12 comments

[ 2.9 ms ] story [ 33.9 ms ] thread
It blows my mind that there are still people calling it 'JAVA' instead of 'Java' in 2011.
It blows my mind that there are still people linking to tutorials that instruct people to use immediate mode in 2011.
Please, link to something better.
I suppose you've missed the title OpenGL in "Java". You point to a nice website that teaches you how to use OpenGL in ... C++.

Anyway I doubt JOGL does not let you to use buffers, so you can draw in memory and after that draw on screen. Even the Red Book starts with drawing directly on the screen; the double buffer technique is useful for animations ...

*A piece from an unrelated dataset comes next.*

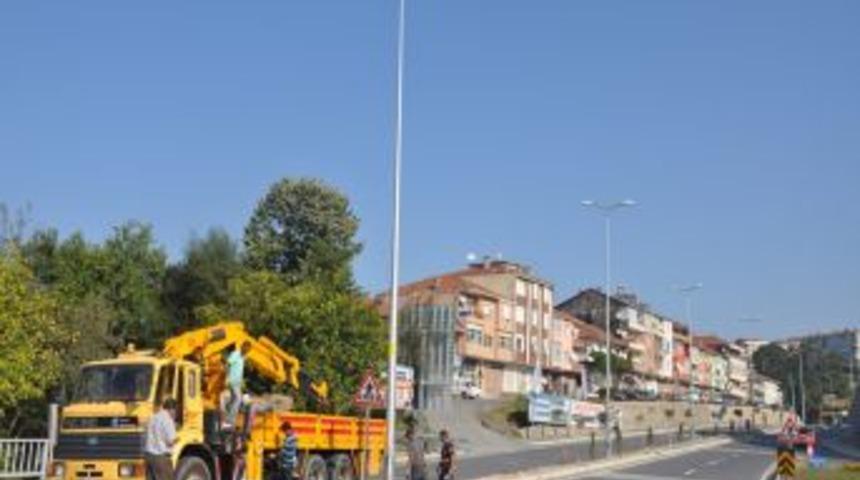 Karayolunda Aydınlatma &Ccedil;alışmalarına Başlandı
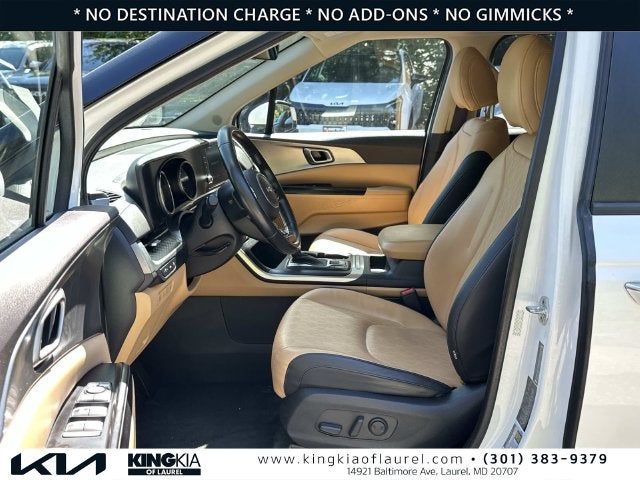 2023 Kia Carnival LX Seat Package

It's the idea that counts, not the language. The number of OpenGL function calls balloons very quickly when using immediate mode.

For example, I recently prototyped a simple 16x16 tile demo over an 800x600 screen. In immediate mode, that's 1900 tiles on screen at once, and each one demanded 4 calls for tex coords (GL_QUADS) and 4 more for vertex data. That came to 15200 OpenGL calls every single frame, enough to stress my modest hardware. With vertex arrays, buffers or display lists, that could be brought down by orders of magnitude, probably with a dramatic performance boost.

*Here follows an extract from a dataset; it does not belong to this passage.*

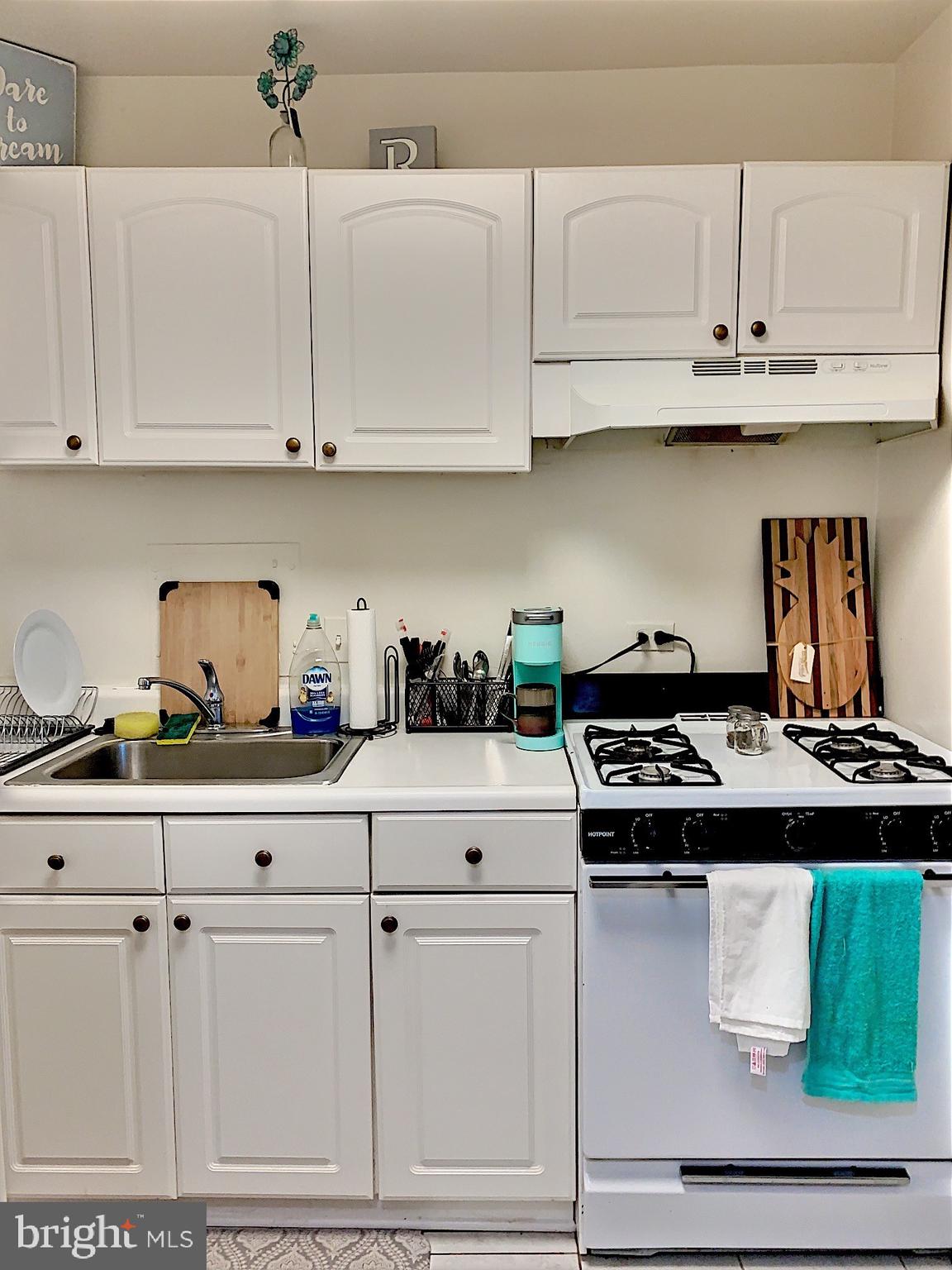 THE CHATHAM - Residential Lease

Most people hardware is much better than mine, but my point is that OpenGL immediate mode doesn't scale well even for simple things.

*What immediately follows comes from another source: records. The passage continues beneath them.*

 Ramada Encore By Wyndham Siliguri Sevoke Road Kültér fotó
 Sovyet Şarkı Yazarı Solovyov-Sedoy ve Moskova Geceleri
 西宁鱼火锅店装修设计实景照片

Step 1) Stop! Setp 2) Consider WebGL, C, or C++
C/C++ works only for desktop based apps, try to put a C++ app on a webpage.

WebGL yes, for HTML5 aware web browsers and if you want to have your source code open (maybe I'm wrong here, but I've understand that the code will be available just like any JavaScript code on the page source). Maybe in a few years.

As an example of why Java+OpenGL could be an interesting thing to study even today I would say a single word ... minecraft:

http://www.minecraft.net/

Just go read the source to NASA Worldwind :)
Why "JAVA"? It's not an acronym, it doesn't stand for "Just Another Verbose Algol".